What is the timeline to get the HSMP visa?


----------



## ukjackk (Oct 13, 2008)

*Uk hsmp*



Shankar said:


> What is the timeline to get the HSMP visa?


It can take upto 14 weeks technically though mine got processed within 10 weeks through an agency.


----------



## zeditave (Jan 14, 2009)

have been sponsored in the UK for over 4yrs, but just got made redundant. Told I am eligible for Tier I. Anyone know what my status is until that is approved, or even applied for?


----------



## Piyush (Apr 20, 2009)

Shankar said:


> What is the timeline to get the HSMP visa?


It generally takes between 6-8 weeks depending on what time of the year you are applying and from where.

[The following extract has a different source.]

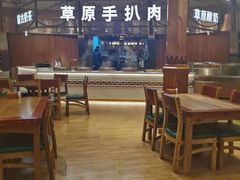 -九十九顶毡房(阜石路店)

Generally, the period just before fresh intake of universities in UK, the no of applications is high and hence you might have to wait longer than usual.


----------



## Piyush (Apr 20, 2009)

zeditave said:


> have been sponsored in the UK for over 4yrs, but just got made redundant. Told I am eligible for Tier I. Anyone know what my status is until that is approved, or even applied for?



You can check if you are eligible or not using the Points calculator at the Home Office website. If you apply for the T1 visa soon, you will be permitted to stay within UK till the time that you get a result on your application. Else you might be classified as a visa overstayer.


----------



## zeditave (Jan 14, 2009)

Tier1VisaShop said:


> You can check if you are eligible or not using the Points calculator at the Home Office website. If you apply for the T1 visa soon, you will be permitted to stay within UK till the time that you get a result on your application. Else you might be classified as a visa overstayer.


Thanks for the reply. Long since sorted now.


----------